Mencione-se a distinção que o processo não poderá ignorar entre uma ação divisória e uma ação de cobrança, que devem ser tratadas diferentemente porque o direito material as concebeu de modo diferente, cremos que a existência das duas categorias fundamentais do direito real e da obrigação determinarão diversidades rituais importantes, não apenas no que diz respeito ao momento final executório, mas igualmente na fase preliminar declaratória.

Demonstra Ovídio que o sistema italiano, como o nosso, alcançou a desejável “atipicità” do “remédio judicial”, por exemplo, na tutela cautelar.

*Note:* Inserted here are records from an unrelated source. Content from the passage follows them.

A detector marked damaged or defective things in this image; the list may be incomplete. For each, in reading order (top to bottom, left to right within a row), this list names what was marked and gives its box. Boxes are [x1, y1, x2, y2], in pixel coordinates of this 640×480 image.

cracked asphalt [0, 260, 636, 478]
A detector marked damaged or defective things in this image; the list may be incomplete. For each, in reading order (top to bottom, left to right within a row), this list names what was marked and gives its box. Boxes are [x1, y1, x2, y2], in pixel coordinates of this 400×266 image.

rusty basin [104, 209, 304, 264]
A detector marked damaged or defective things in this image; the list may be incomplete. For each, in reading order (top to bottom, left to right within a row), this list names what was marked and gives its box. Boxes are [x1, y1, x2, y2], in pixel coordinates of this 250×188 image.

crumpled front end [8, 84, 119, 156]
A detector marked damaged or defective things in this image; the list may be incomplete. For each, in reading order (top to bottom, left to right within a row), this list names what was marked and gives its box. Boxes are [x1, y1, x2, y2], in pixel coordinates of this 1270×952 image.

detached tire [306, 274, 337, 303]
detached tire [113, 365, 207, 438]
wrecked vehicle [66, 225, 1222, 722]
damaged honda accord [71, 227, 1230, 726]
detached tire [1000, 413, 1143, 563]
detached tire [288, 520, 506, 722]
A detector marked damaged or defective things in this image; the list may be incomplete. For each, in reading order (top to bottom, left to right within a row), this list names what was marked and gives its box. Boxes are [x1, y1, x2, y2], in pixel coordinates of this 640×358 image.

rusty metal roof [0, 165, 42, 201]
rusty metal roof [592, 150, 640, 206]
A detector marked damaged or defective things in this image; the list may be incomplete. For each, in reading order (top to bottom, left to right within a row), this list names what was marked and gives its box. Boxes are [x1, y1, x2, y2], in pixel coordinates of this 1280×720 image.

Temos, como efeito, ao lado das inúmeras formas de tutela cautelar “tipizzate”, a ação cautelar inominada. Não temos, mas poderíamos ter um processo de execução inominado, ou atípico; não, todavia, enquanto conservamos a sentença condenatória e a universalidade da execução obrigacional. A principal diferença entre as cautelares e a nossa sentença condenatória é que a primeira é mandamental, e não resultado de uma relação obrigacional, cuja incoercibilidade é uma herança romana que se mantém viva no direito moderno, como o confessa Liebman (Embargos do executado), sendo, assim, o condenar e confiar no cumprimento voluntário da condenação (art. 580, par. único do CPC) é uma contingência de que não nos poderemos livrar enquanto a condenação nos acompanhar ...!

Tendo os processualistas reduzido apenas a três as espécies de ações e sentenças – somente aquelas que operam no “mundo normativo” -, proclamam que suas eficácias são criações do direito processual, independentemente da natureza dos direitos litigiosos que lhe cabe instrumentalizar. Quer dizer, uma ação seria declaratória ou constitutiva porque o legislador do processo assim o quer, não em razão da diversidade das pretensões de direito material que lhes provém.

 

15. Função executiva e tutela interdital

 

A intenção básica de toda a análise precedente foi dirigida contra o que Ovídio denomina “universalização” da ação condenatória, o que outra coisa não é senão o correspondente predomínio absoluto da actio romana e de seu procedimento, com supressão da tutela interdital.

A recuperação do conceito de ação executiva significa a reintrodução, em nossa direito, de uma forma de tutela interdital concebida pelo direito romano e exercida pelo pretor.

A doutrina, depois de conceituar o Processo de Conhecimento como forma de tutela jurisdicional declaratória, sem qualquer vestígio de execução, considera como pertencendo igualmente ao Processo de Conhecimento as ações executivas, como o são, por exemplo, a ação de despejo e a ação de reintegração de posse; e as ações mandamentais, como o mandado de segurança.

As declarações provisórias que o juiz porventura fizer, seja no Processo de Conhecimento, seja no Processo de Execução e nos provimentos cautelares, não podem ser consideradas declarações, porque provisórias. Somente a declaração que solucione a lide é verdadeira declaração. Com isso confirma-se a ordinariedade posto que as liminares passam a ser apenas interlocutórias – quando não, como pretendera Calamandrei, cautelares -, sem conteúdo declaratório, capaz de “solucionar a lide”, logo para a doutrina dominante, sem qualquer conteúdo declaratório porque, para o paradigma que sustenta o Processo de Conhecimento, declarar provisoriamente com base em prova de verossimilhança, é o mesmo que nada declarar e nada decidir, já que, para a doutrina, decidir é apenas julgar definitivamente.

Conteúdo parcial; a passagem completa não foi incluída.